Getting Started
Access
Depending on the specific supercomputer, one has either has to register to get a user account or write a project proposal and apply for computing resources that way. The respective pages are linked in this overview:
IT Center - RWTH Aachen [1] | RRZE - FAU Erlangen [2] | ZIH - TU Dresden [3] |
after this is done and login credentials are supplied, one can proceed to
Login
Most HPC Systems are unix-based environments with shell (commandline) access.
To log in, one usually uses ssh [4] to reach the respective Login Nodes (Computers reserved for the login of users).
IT Center - RWTH Aachen | RRZE - FAU Erlangen | ZIH - TU Dresden |
cluster.rz.rwth-aachen.de | cshpc.rrze.fau.de | taurus.hrsk.tu-dresden.de |
Once there, the user can interact with the system and run (very small) programs to generally test the system/software.
Schedulers or How-To-Run-Applications-on-a-supercomputer
To run any significant program or workload on a supercomputer, generally schedulers [5] are employed. Except from the above-mentioned Login Nodes there are usually far more Backend Nodes (Computers exclusively reserved for computing). The scheduler decides who gets how many of those for what time.
In order to run your application with that, you have to tell the Scheduler, what your application needs in term of
- time
- compute resources (how many cpus/sockets/nodes)
- memory resources (how much RAM/storage)
- how to actually execute your application
which obviously has to fit within the boundaries of the running system. If you ask for more than there is, chances are, the scheduler will take this job and wait until you buy and install the missing hardware -> forever. Information over the available hardware can be found in the following table.
This ususally is done with a Jobscript. When you have this jobscript ready with the help of jobscript-examples, colleagues or the Support, you can submit it to the respective Batch-Scheduler.

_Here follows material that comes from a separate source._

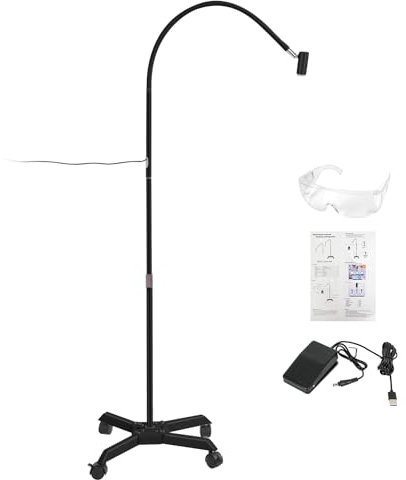 UV Wimpern Lampe, UV Lampe für Gelnägel, 6W Schwanenhals Wimpernlampe mit Fußschalter, Rollen, Boden-/Tisch-UV Lash Lamp, UV Lampe für Gelnägel und Wimpern Aushärten (Schwarz)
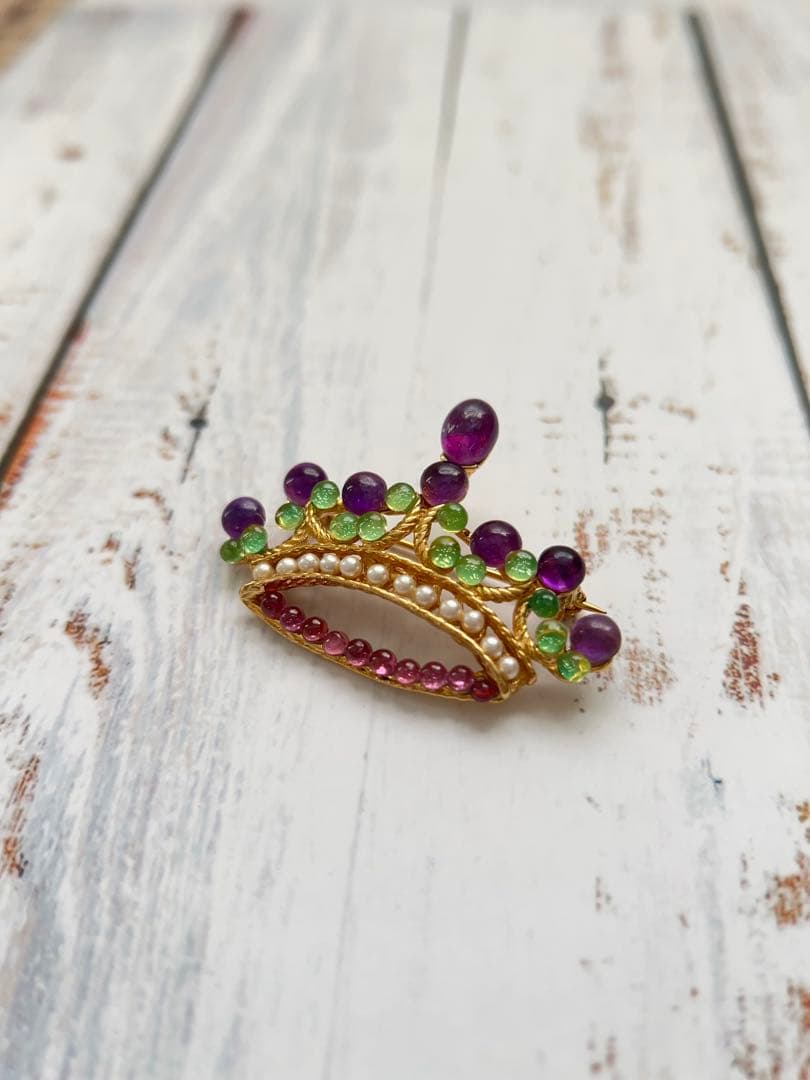 Swoboda】スワボダ ブローチ 王冠 クラウン ティアラ アメジスト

IT Center - RWTH Aachen [6] | RRZE - Erlangen [7] | ZIH - Dresden [8] |
LSF | SLURM |
After this the application is executed when a set of nodes (computers) are allocated the your 'job' by the scheduler. Usually there is (optionally) Email notification on start/finish of jobs. If the specified time runs out, before your application finishes and exits, it will be terminated.
Modules or How-To-Use-Software-Without-installing-everything-yourself
A lot of applications rely on 3rd party software. One prominent example beeing compilers, this software is usually loadable with the module system. Depending on the site, different modules are available, but there are usually common ones like the Intel or GCC Compilers.
A few common commands are
module list | lists loaded modules |
module avail | lists available (loadable) modules |
module load/unload x | loads/unloads modul x |
module switch x y | switches out module x for module y |
If you recurrently need lots of modules, this loading can be automated with an sh file, so that you just have to execute the file once and it loads all modules, you need.
Parallelizing or How-To-Use-More-Than-One-Core
Unfortunately currently development of computers is at the point, where you can not just make a processor run faster, because the physics simply dont work out. Therefore the current solution is to split the work into multiple partly independent parts, which are then executed in parallel. Similar to cleaning your house, where everybody takes care of a few rooms, on a supercomputer this is usually done with OpenMP or MPI. However like the vacuum cleaner, where you have only one, there are limits on how fast you can get, even with a big number of processors working on your problem in parallel.